Science Fiction Adventure
Class Act Books
June 14, 2017
236
Reviewed by: Douglas C. Meeks
Member of the Paranormal Romance Review Team
We have a conundrum here, a near 5 Star story that spends much of its time devolved into 3 star (or less) writing.
Let me start with the story, a fairly juvenile premed student Thomas Anderson (who is referred to as Thom in the book) is whisked away by aliens to save their planet from a horrible plague. Great stuff I think, the story of how he proceeds and the situations throughout the book are fun and interesting even if you ignore the fact that these people are advanced enough to have discovered much of this themselves.

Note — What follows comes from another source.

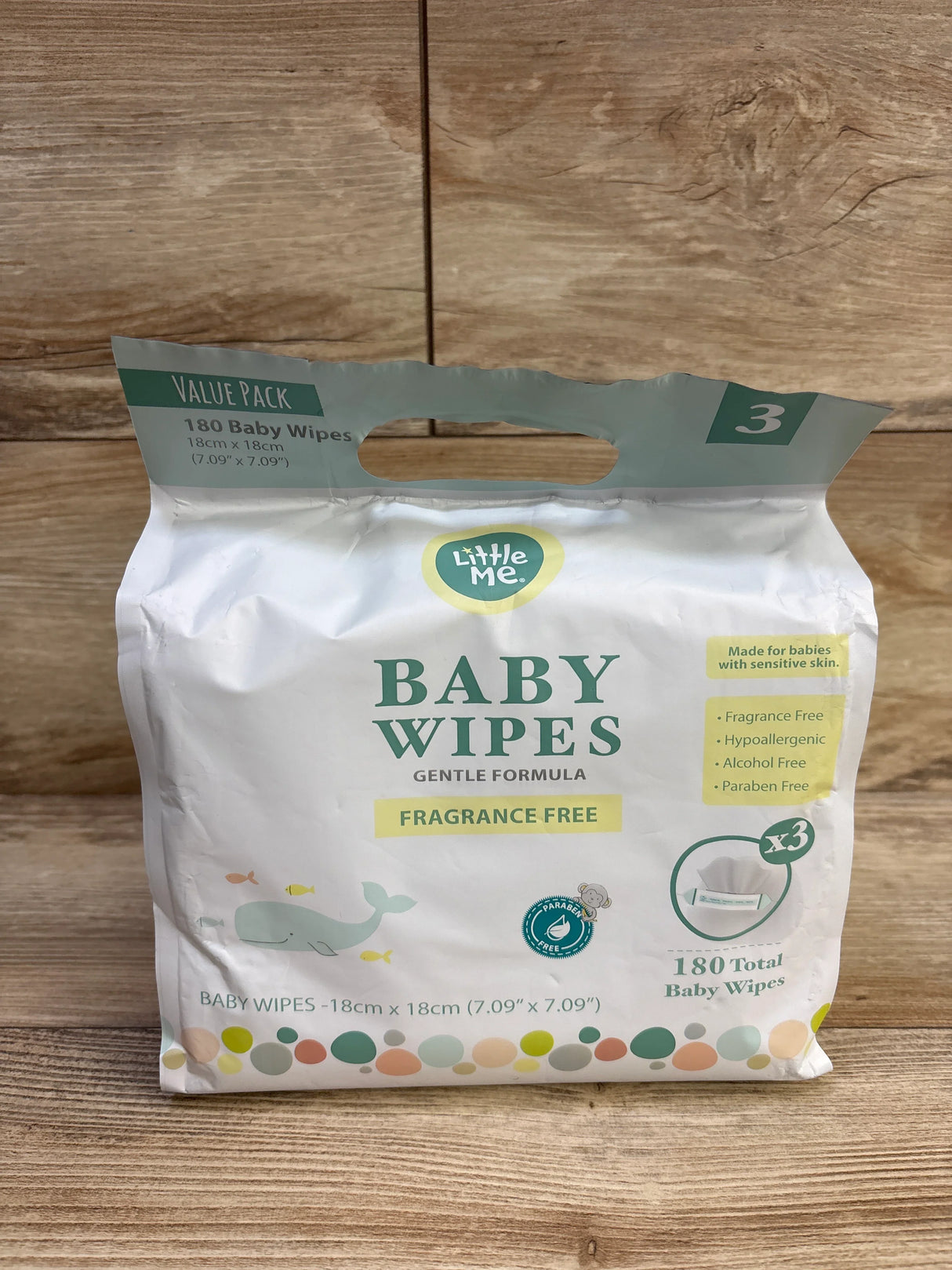NEW Little Me Fragrance Free Baby Wipes, Value Pack 180ct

The story builds to a decent conclusion before it goes off the rails a bit at the end but then again I was given nothing to tell me of a target audience but by the end I was thinking about middle school due to several things I won’t spoil by writing about them.
Here is a brief list of things that kept drawing me out of the story (a story I really did like):
Juvenile writing style (which if targeted for a younger audience might be fine);
Most un-alien aliens I ever saw, almost like he took Earth and added some masks in many places;
Repetitive phases and scenes that were so bad at some points I had to make sure I had not hit a button on my Kindle and backed up;
Poorly written emotion – dork extrovert – idiot savant: If you took away every page this guy or somebody else was crying it would reduce this book by MANY pages. He would show signs of genius and then act like a complete idiot; and,
Plagiarized the Bible – While I got to say I have not seen this one before I thought “you got to be kidding me” it was not some horrible thing but it was distracting and I really thought it was a bad idea.
Bottom Line: In spite of all the book’s shortcomings in writing style and horrible emotional scenes, I still loved the story but the last approximately 5% of the book was straight out of some Hollywood Disney movie and I had hoped for better. So at the end I give it 3.5 Stars for adults reading this book, for younger readers it might be higher.